Telles, étaient, au dix-septième siècle, les mœurs des futurs pasteurs de la Saxe luthérienne, d'après le témoignage authentique que leur rendent le recteur et les professeurs de l'université luthérienne d'Iéna; sur quoi il est facile de s'imaginer quelles étaient et devaient être les mœurs du peuple.

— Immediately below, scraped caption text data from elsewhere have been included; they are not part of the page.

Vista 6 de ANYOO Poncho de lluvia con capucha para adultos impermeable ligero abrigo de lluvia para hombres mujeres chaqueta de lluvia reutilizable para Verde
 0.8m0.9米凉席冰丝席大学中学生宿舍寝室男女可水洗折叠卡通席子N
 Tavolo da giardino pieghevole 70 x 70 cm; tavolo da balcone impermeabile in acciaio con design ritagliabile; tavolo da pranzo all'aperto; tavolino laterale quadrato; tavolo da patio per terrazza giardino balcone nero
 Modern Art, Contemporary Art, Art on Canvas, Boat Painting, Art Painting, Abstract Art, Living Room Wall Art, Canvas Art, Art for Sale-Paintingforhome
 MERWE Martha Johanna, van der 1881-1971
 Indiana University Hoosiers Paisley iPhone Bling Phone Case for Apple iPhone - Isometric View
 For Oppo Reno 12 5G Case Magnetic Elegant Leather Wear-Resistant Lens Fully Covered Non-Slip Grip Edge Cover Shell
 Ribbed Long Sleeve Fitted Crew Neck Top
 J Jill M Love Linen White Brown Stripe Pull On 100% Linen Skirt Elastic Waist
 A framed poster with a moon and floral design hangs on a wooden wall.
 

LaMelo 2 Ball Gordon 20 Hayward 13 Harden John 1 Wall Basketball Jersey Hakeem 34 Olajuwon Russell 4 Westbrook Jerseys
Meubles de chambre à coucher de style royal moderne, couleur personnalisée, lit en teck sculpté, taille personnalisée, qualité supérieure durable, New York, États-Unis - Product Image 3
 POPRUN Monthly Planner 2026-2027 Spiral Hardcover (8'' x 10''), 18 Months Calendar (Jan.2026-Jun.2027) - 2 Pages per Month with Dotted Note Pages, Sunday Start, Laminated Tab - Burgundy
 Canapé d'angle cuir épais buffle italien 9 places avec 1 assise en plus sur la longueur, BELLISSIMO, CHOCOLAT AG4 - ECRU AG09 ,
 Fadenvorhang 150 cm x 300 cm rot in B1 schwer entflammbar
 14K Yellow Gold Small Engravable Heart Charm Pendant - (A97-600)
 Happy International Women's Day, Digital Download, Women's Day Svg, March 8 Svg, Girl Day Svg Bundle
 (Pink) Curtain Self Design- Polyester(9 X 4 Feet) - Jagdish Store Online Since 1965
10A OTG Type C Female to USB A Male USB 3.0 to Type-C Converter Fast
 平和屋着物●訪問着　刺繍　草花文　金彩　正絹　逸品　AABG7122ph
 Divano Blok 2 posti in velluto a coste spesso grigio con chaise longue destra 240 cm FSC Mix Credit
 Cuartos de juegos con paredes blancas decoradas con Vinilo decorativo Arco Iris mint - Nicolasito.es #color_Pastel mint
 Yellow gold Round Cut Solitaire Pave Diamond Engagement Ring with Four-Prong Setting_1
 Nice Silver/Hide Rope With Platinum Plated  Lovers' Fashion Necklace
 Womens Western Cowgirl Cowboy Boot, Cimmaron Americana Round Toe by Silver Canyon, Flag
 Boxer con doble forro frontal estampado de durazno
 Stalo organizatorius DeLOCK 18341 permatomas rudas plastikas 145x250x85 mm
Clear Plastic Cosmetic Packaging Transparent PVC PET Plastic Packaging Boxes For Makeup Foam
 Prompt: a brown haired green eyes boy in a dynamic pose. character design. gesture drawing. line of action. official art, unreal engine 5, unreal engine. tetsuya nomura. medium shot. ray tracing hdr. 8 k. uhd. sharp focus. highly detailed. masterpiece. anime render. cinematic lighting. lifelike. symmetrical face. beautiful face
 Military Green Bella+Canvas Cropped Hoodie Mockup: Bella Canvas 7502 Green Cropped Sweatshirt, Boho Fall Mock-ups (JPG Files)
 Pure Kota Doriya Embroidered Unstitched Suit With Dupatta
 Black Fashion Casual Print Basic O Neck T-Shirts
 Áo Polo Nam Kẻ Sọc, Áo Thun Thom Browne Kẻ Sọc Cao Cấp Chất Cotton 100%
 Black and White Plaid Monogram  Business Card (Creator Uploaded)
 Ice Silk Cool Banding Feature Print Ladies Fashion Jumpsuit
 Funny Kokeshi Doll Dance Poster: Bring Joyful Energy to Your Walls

Un ministre luthérien de l'époque, Jean-Valentin André, déplore la démoralisation de ses confrères. On ne regardait la théologie, ainsi que la logique et la rhétorique, que comme une science propre à se faire un nom. On aimait beaucoup mieux rabaisser le mérite des bonnes œuvres, que de faire des bonnes œuvres. Quiconque s'efforçait de mener une bonne vie, était flétri du nom d'enthousiaste, schwenkfeldien, d'anabaptiste: dès-lors le peuple le regardait comme un athée, un hérétique, un hypocrite, un suppôt du diable 2. Un cordonnier de Goerlitz en Saxe, Jacob Boehm, entreprit de remédier à tant de mal par des écrits. Il avait du zèle, de la piété et un certain talent pour écrire : s'il eût été catholique et sous la direction d'un Vincent de Paul, il aurait pu faire grand bien; mais protestant, n'ayant d'autre règle que soi-même, il mêla de prétendues révélations et les rêveries de l'alchimie à des choses d'ailleurs bonnes : ce qui augmenta la confusion. Des pasteurs luthériens prêchèrent contre lui, et il mourut en 1624 3.